There’s an old joke about the guy who takes his wife elk hunting in Colorado.
They go in different directions to improve the chance of one of them getting a good shot, and the husband hears his wife’s gun fire, so he heads in that direction.
From a distance he hears she’s screaming at someone, so he picks up the pace.
As he burst through the brush he sees here, pointing her hunting rifle at a cowboy and hears the cowboy say: “OK, lady, it’s your elk. Just let me get my saddle off it!”
And there’s an old, old saying: It stops being funny when it starts being you.
More and more frequently, it seems, there are incidents reported like the one in Pennsylvania from this past weekend, involving hunters who lose their cool and people end up injured.
According to the Associated Press report, two men were hospitalized there “after a fight over a deer carcass in northeastern Pennsylvania.
“State police say the altercation happened in Lehman Township on Saturday. That’s when 33-year-old Bethlehem resident Jason Frey says he shot a deer and tracked it to a property owned by 48-year-old Anthony Contino Sr.
“Authorities say Frey approached Contino, who told him the deer was his and that an associate had shot it earlier that day.
“Contino then told Frey to leave the property.
“A fight ensued involving the two men and others. Frey and another man, 57-year-old Arthur Frey, had to be taken to hospitals. They were reported in stable condition.”
Most hunters understand the implications in today’s society.

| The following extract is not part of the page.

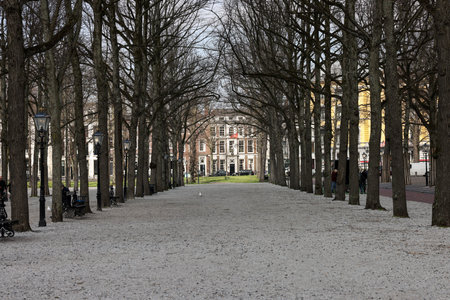 The Hague, Netherlands - April 17, 2023: Walking alley with beautiful trees in the park at Lange Voorhout in The Hagueのeditorial素材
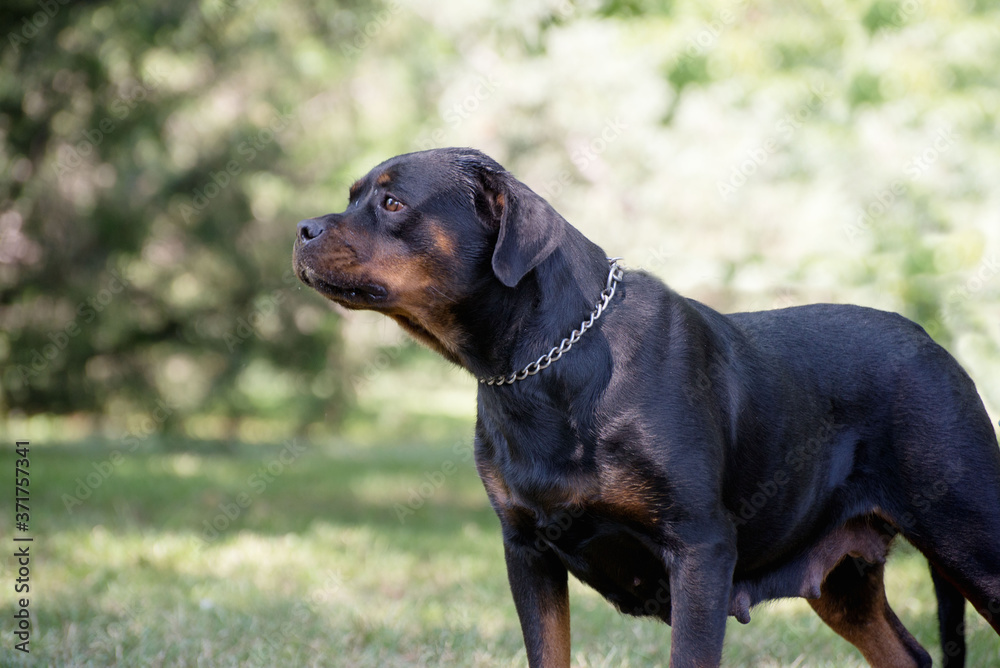 Purebred rottweiler on green grass Purebred rottweiler on green grass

They are out in the countryside. They have firearms. There are plenty of people, today, who’d just as soon see them shut down for those two reasons alone.
There are people in our government and people supporting them, who have as part of their agenda the effort to make sure that Americans either lose the right to have guns and to hunt, or that the sport and hobby become so expensive that only a slim percentage of Americans can afford it. It’s the same movement you see in relation to our wilderness.

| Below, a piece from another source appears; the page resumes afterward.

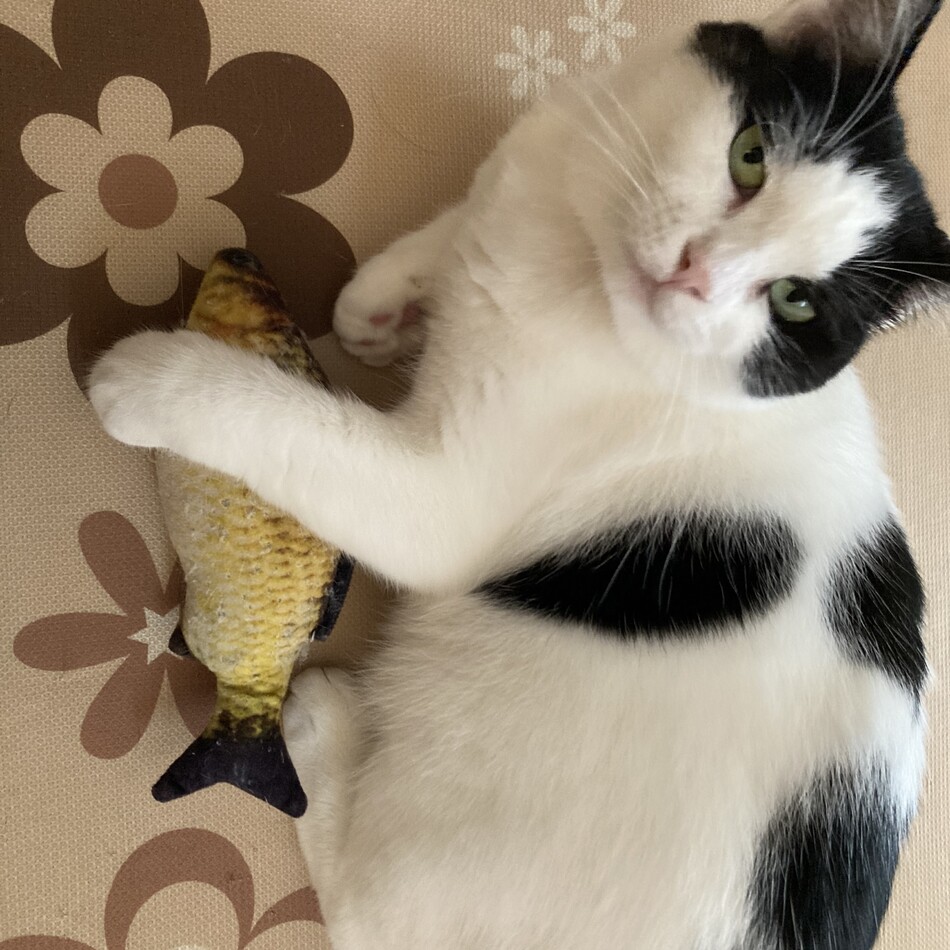 うたのカバー写真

There are those who would see it become so expensive that only they and their wealthy friends can afford to go there, to experience it.

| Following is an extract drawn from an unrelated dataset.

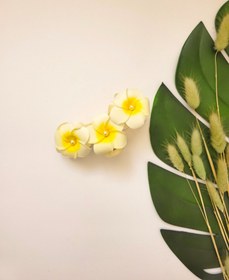 تصویر کلیپس فومی سه گله کد 10031142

We working class serfs and our brats need to keep out, so we don’t slop the place up.
There are many ways to combat this effrontery, but one of the most successful is for hunters, preferably ALL hunters, to be as polite, mature and professional as possible.
That means not making the news by beating each other up over a deer carcass.
We have plenty of hunting coming up in the months ahead in this region.
Hopefully we won’t see this news here.